Inflammation plays an essential role in the development of T2DM. T2DM aggravates the development of liver inflammation, which itself may also contribute to T2DM. Therefore, how to alleviate liver inflammation in T2DM is particularly important. This study demonstrated that MLF can reduce blood glucose of T2DM, improve glucolipid metabolism disorders, enhance insulin sensitivity, and exert the pharmacodynamic activity of improving T2DM. At the same time, MLF can also reduce the liver index of T2DM rats and inhibit relevant inflammatory indicators, thereby regulating the development of liver inflammation in T2DM rats. These effects may be related to the fact that MLF reduces the levels of related inflammatory factors in the body by regulating the proteins related to TLR4, MyD88, TRAF6, IκB, p-IκB, and NF-κB.

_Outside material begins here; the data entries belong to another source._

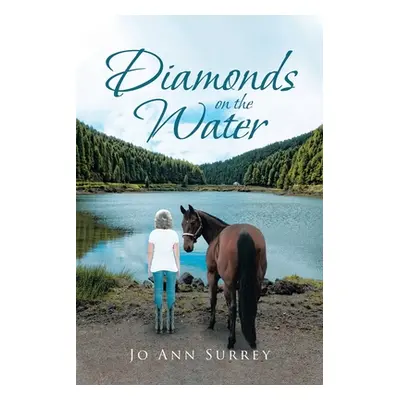 "Diamonds on the Water" - "" ("Surrey Jo Ann")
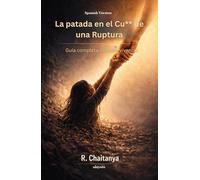 La patada en el Cu** de una Ruptura Guía completa de supervivencia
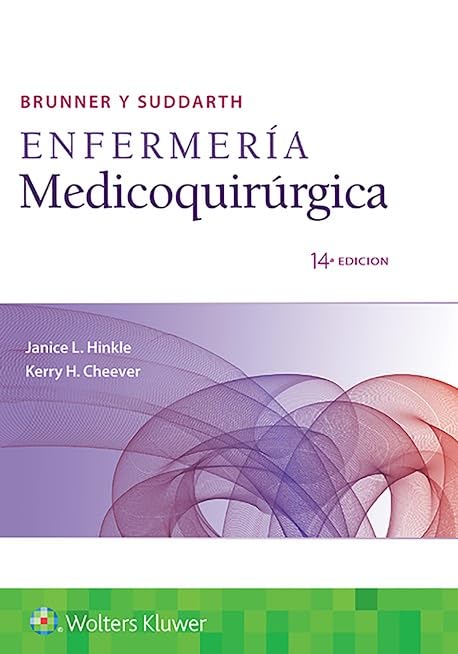 Brunner y Suddarth. Enfermería medicoquirúrgica, 14a edición (Original PDF from Publisher) Brunner y Suddarth. Enfermería medicoquirúrgica, 14a edición (Original PDF from Publisher)
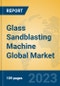 Glass Sandblasting Machine Global Market Insights 2023, Analysis and Forecast to 2028, by Manufacturers, Regions, Technology, Application, Product Type - Product Image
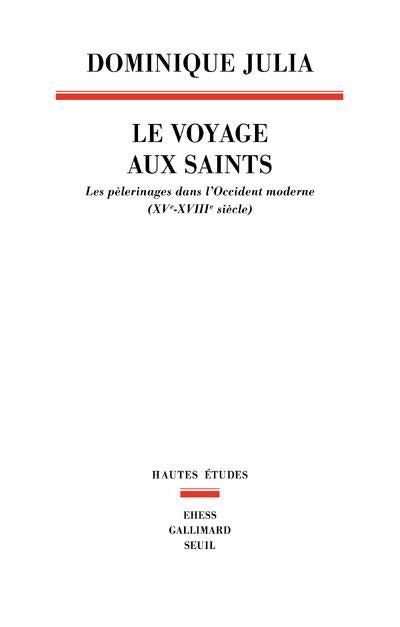 Le voyage aux saints ; les pèlerinages dans l'Occident moderne (XVe-XVIIIe siècle)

However, this study also has shortcomings. This study mainly discusses the liver inflammatory reaction caused by T2DM and MLF on its treatment, but the liver is an important metabolic organ; fat accumulation accelerated liver inflammatory infiltration. In this study, only the serum lipid metabolism indexes were determined, and the liver lipid metabolism was poorly studied; we will increase the liver lipid metabolism mechanism, further improving the effect of MLF in improving T2DM liver damage. Furthermore, although MLF is already a kind of active ingredient in mulberry leaves, it is unknown which monomer or which monomers play the main hypoglycemic effect. We will carry out further experimental studies on one or more monomers in MLF.